La città di Stellenbosch si trova nella zona delle Winelands del Capo, a soli 50 km da Città del Capo. Stellenbosch è il secondo più antico insediamento europeo del Sud Africa dopo Città del Capo. Il nome della città deriva da Simon van der Stel, Governatore della Colonia del Capo, che la fondò nel 1679. Lo sviluppo di Stellenbosch fu rapido e a partire dal 1685 divenne capoluogo di un distretto che si estendeva per circa 25.000 kmq.

A Stellenbosch si insediarono sia coloni olandesi che ugonotti francesi. I coloni olandesi, costruirono un sistema di canali che attraversava la città e alimentava un mulino ad acqua. Gli ugonotti dettero soprattutto impulso alla viticoltura nella zona. Qui infatti oggi si producono i più rinomati vini sudafricani.

LA ZONA DI PRODUZIONE DEI PIÙ RINOMATI VINI SUDAFRICANI

La città è situata in una vallata a poco più di 130 metri d’altitudine al centro di una regione collinosa intensamente coltivata a vigneti.

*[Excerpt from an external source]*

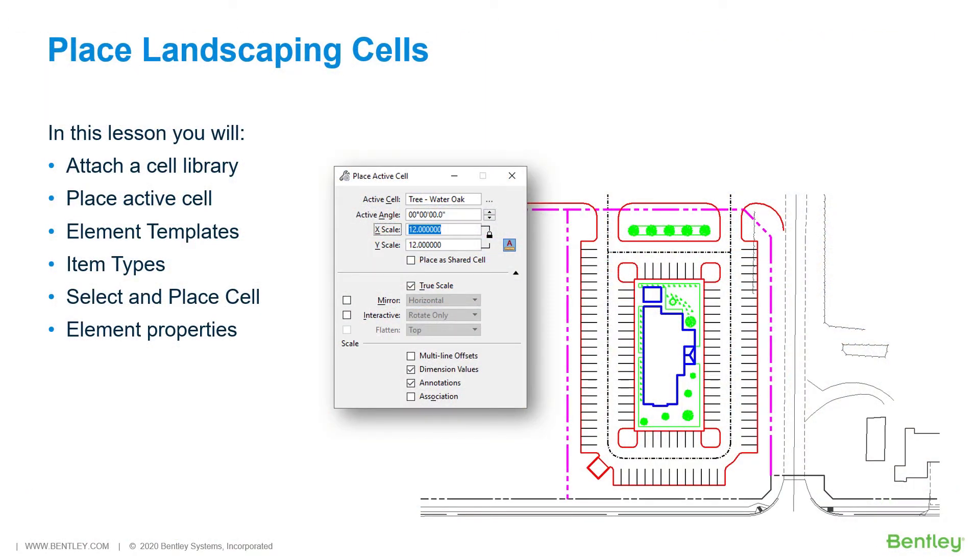Place landscaping cells. Work has been progressing on the proposed site development project including the addition of some landscaping symbols. This will continue by placing additional symbols or cells using the place active cell tool.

Attorno alla città si trovano anche alcune montagne tra cui il Die Tweeling Pieke, il Jonkershoek, il Simonsberg, il Drakenstein e il  Victoria Peak che è il più elevato (1.590 metri). La regione Stellenbosch di ha un clima di tipo mediterraneo con estati calde e secche e inverni freddi e umidi.

Stellenbosch, Sudafrica. Author and Copyright Marco Ramerini.

Stellenbosch, Sudafrica. Author Marco Ramerini.

Stellenbosch è una bella cittadina, rinomata soprattutto per la sua architettura in stile Olandese del Capo. La via principale, Dorp Street, è stata dichiarata monumento nazionale e raccoglie numerosi edifici storici. La piazza principale (Braak) ospita un piccolo museo militare, situato in una polveriera della VOC chiamato VOC Kruithuis (1777). Sempre sulla piazza si affacciano l’ex municipio, il Burgerhuis (1797) e la chiesa di Mary’s on the Braak (1852).

Fra i musei della città merita una visita soprattutto il Village Museum (sei abitazioni d’epoca che ricostruiscono la vita quotidiana dei secoli scorsi) e lo Stellenryck Wine Museum, dedicato alla storia della viticoltura della zona. Infine la città ospita la più antica università sudafricana che forma gran parte dell’elite afrikaner. Conta dieci facoltà e ospita circa 25.000 studenti. La lingua ufficiale dell’università è l’Afrikaans, lingua dei discendenti dei primi coloni olandesi.